Methodik: Im Zeitraum vom 01.12.2013 bis 01.03.2022 wurden insgesamt 855 Becken- und Azetabulumfrakturen operativ versorgt. Alle Patienten mit offen versorgten Becken- oder Azetabulumfrakturen erhielten routinemäßig eine semiherapeutische Antikoagulation und ein postoperatives TVT-Screening.
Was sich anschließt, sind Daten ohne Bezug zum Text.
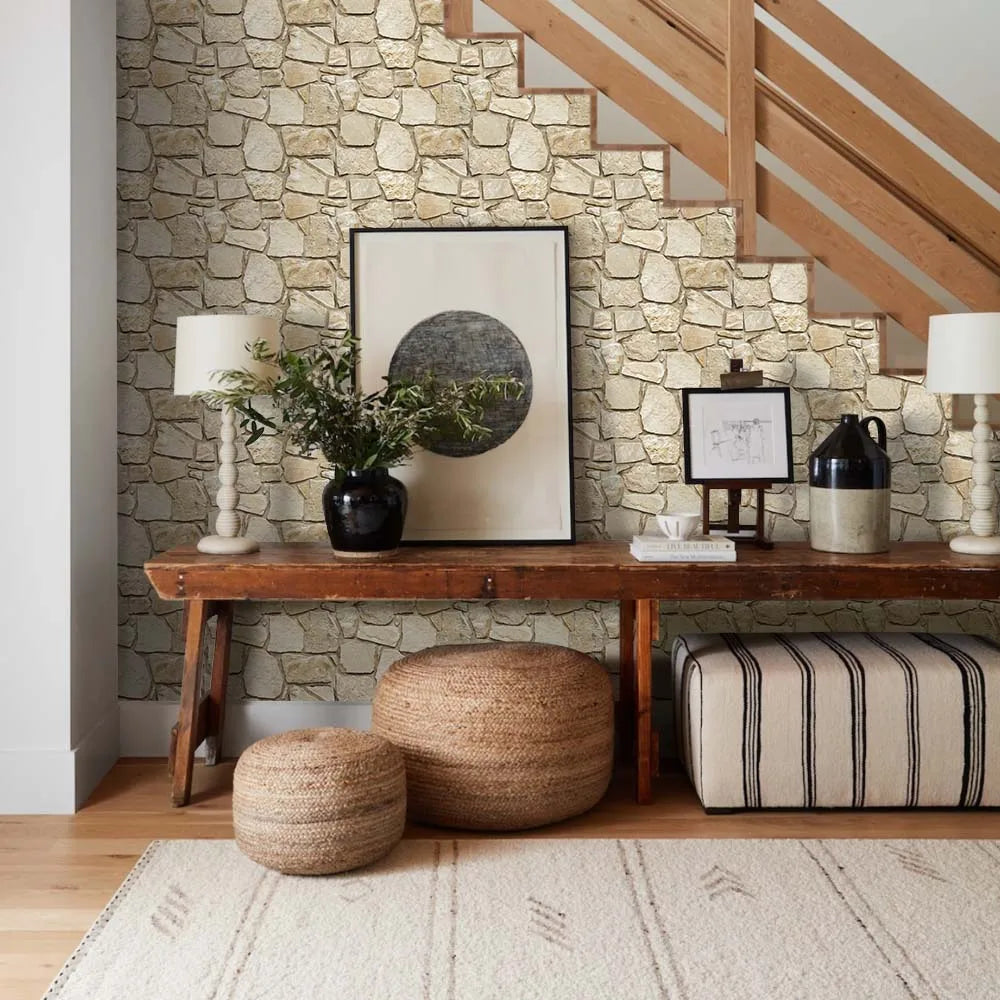 COMSTICKC 3D Faux Stone PVC Wall Panels Waterproof Adhesive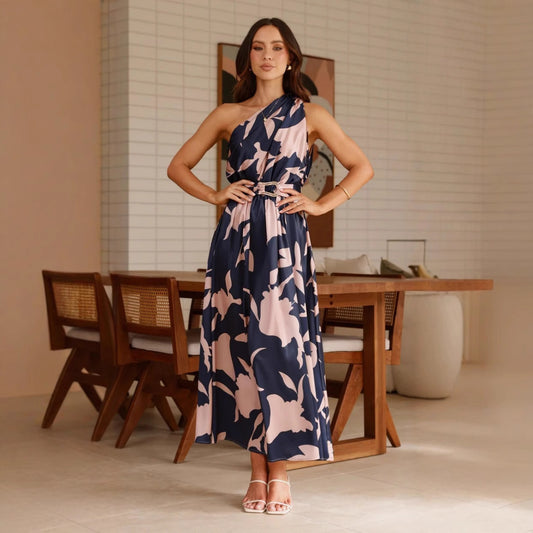 Robe Longue Imprimée à Épaules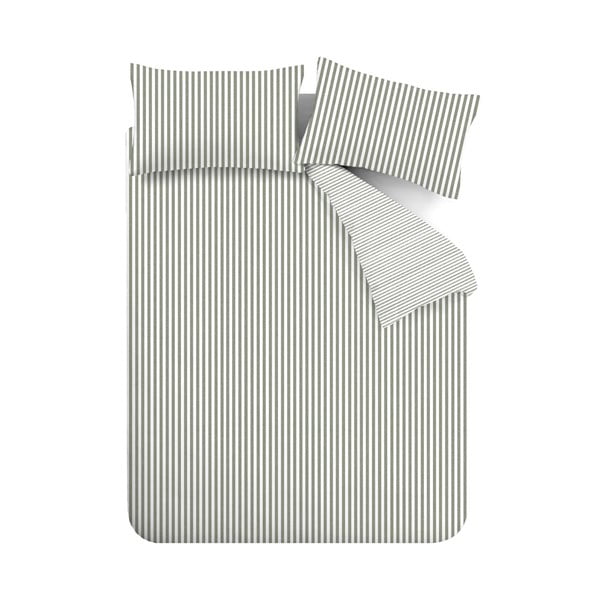 Зелено двойно удължено фланелено спално бельо 230x220 cm Stripe – Catherine Lansfield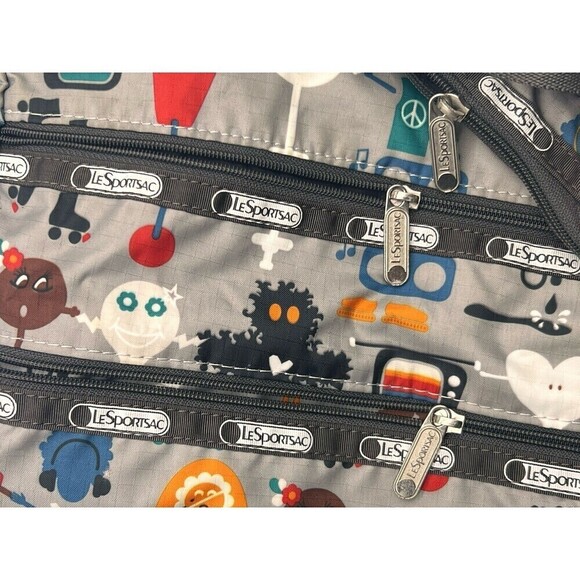 Lesportsac Travel Crossbody 3 Zip Front Pockets  Robot Retro Print Shoulder Bag - Picture 8 of 15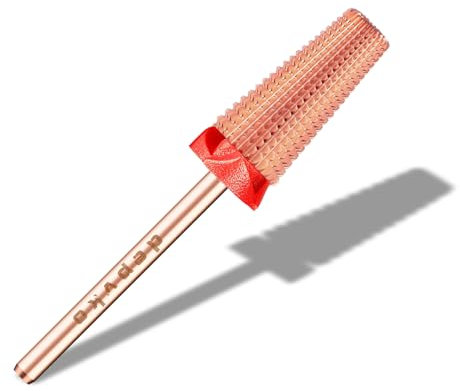 Depvko Brocas de uñas 5 en 1, brocas de tungsteno de carburo de 3/32 pulgadas, puntas de cutícula de seguridad avanzada profesional de rotación bidireccional para fresas torno para uñas (oro rosa)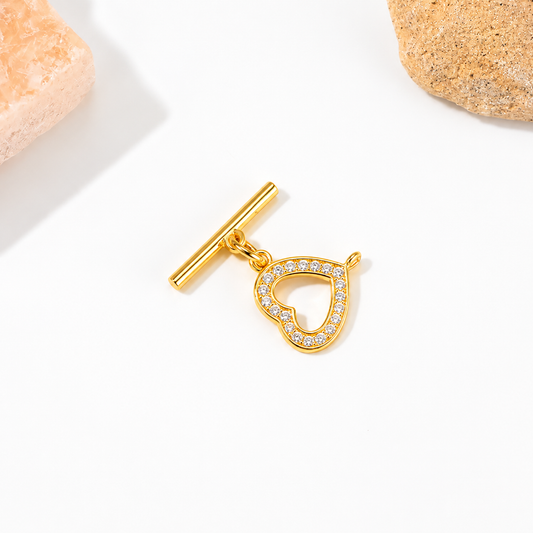 E18B09 Heart zircon OT Toggle Clasp ( 1 pc ) 18k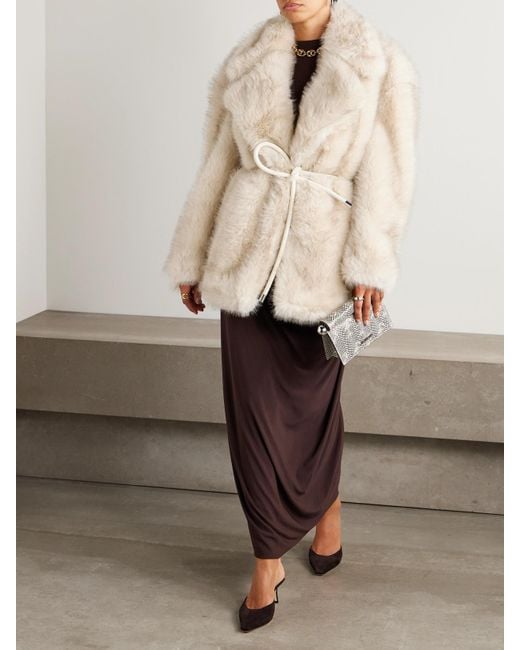 Sportmax Natural Rosaria Mantel Aus Plüschmaterial Mit Bindegürtel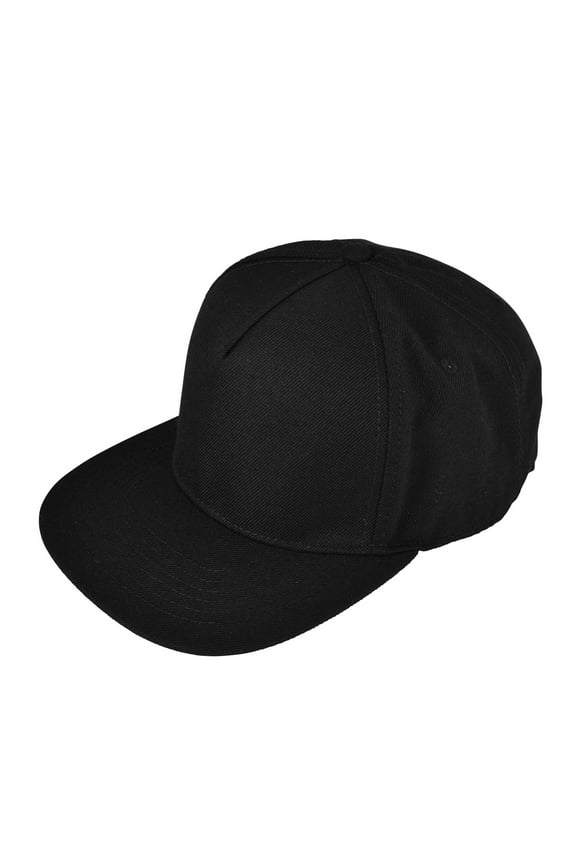 Premium 5 Panel Wool Blend Hat Flat Bill Cap Snapback (Black)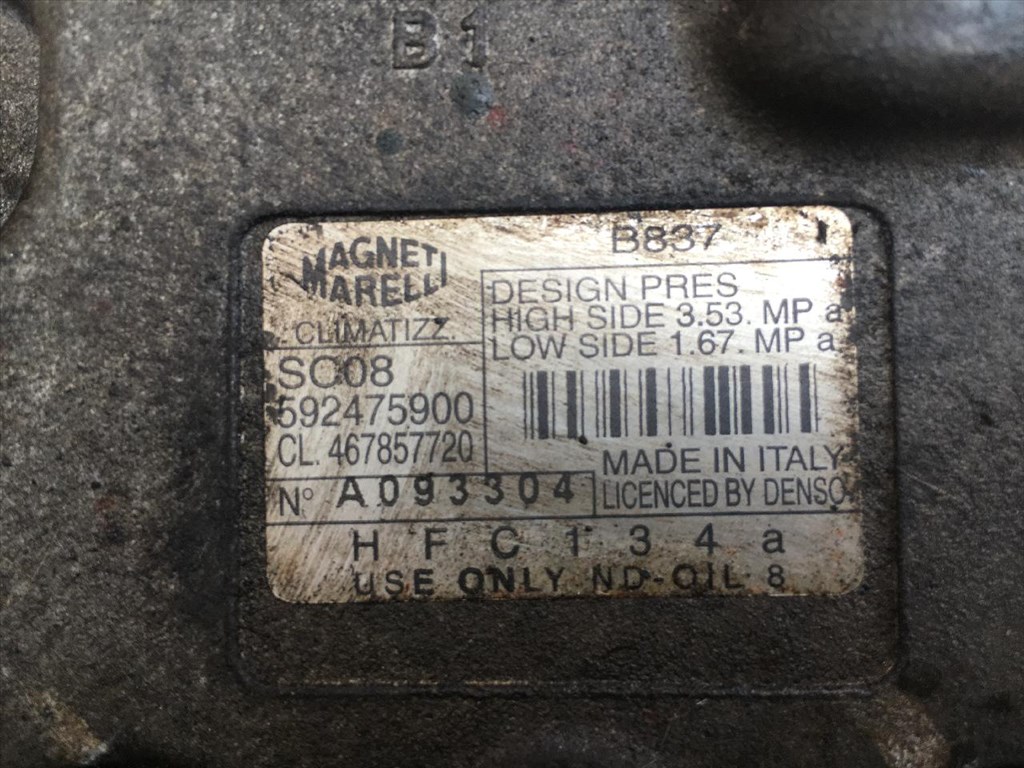Fiat, Alfa benzines gyári, bontott klímakompresszor 592475900 1. kép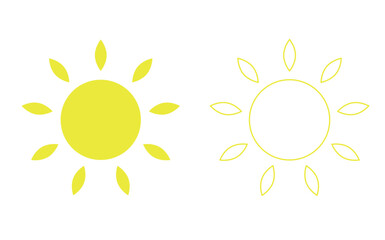 Yellow sun icon set, sunshine and solar glow, sunrise or sunset. 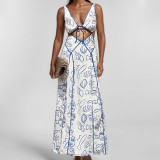 Plus Size Sexy Halterneck Print Hollow Out Maxi Dress GMAN-29027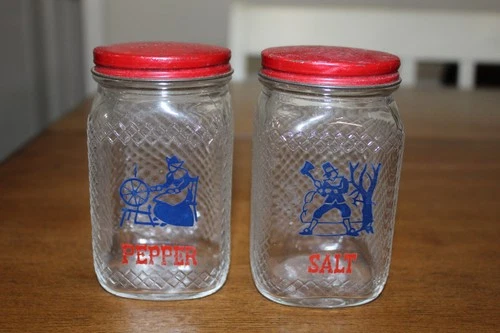 Vintage Hazel Atlas Clear Depression Glass Lattice Salt & Pepper Shakers L@@K!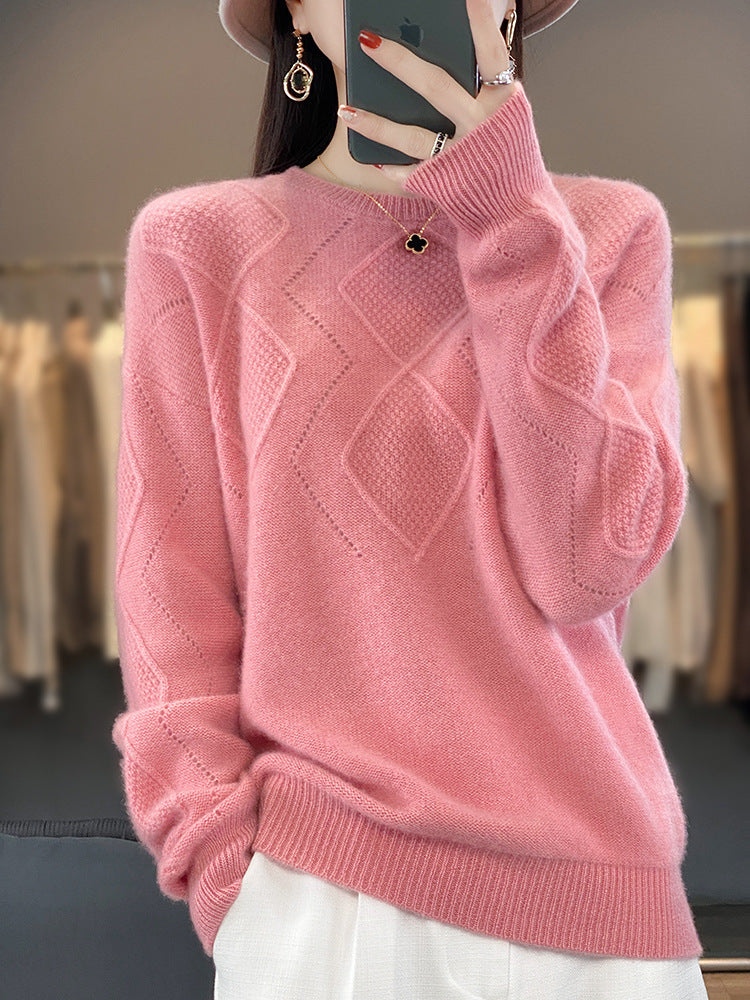 Women's Soft Diamond Pattern Sweater in Mohair Look with Fine Openwork Structure and Round Neckline Chichicherry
Im Rahmen dieser retrospektiven Analyse wurden u.a. folgende Daten erhoben: Alter, Geschlecht, Ätiologie, Nebenerkrankungen, Klassifikation der Becken- oder Azetabulumfraktur, Intervall bis zur operativen Versorgung, Art der operativen Versorgung, Zugangsweg, Op-Dauer, Blutverlust, Tranexamsäure, Komplikationen, Nachbehandlung, TVT-Screening, TVT und Lungenembolie.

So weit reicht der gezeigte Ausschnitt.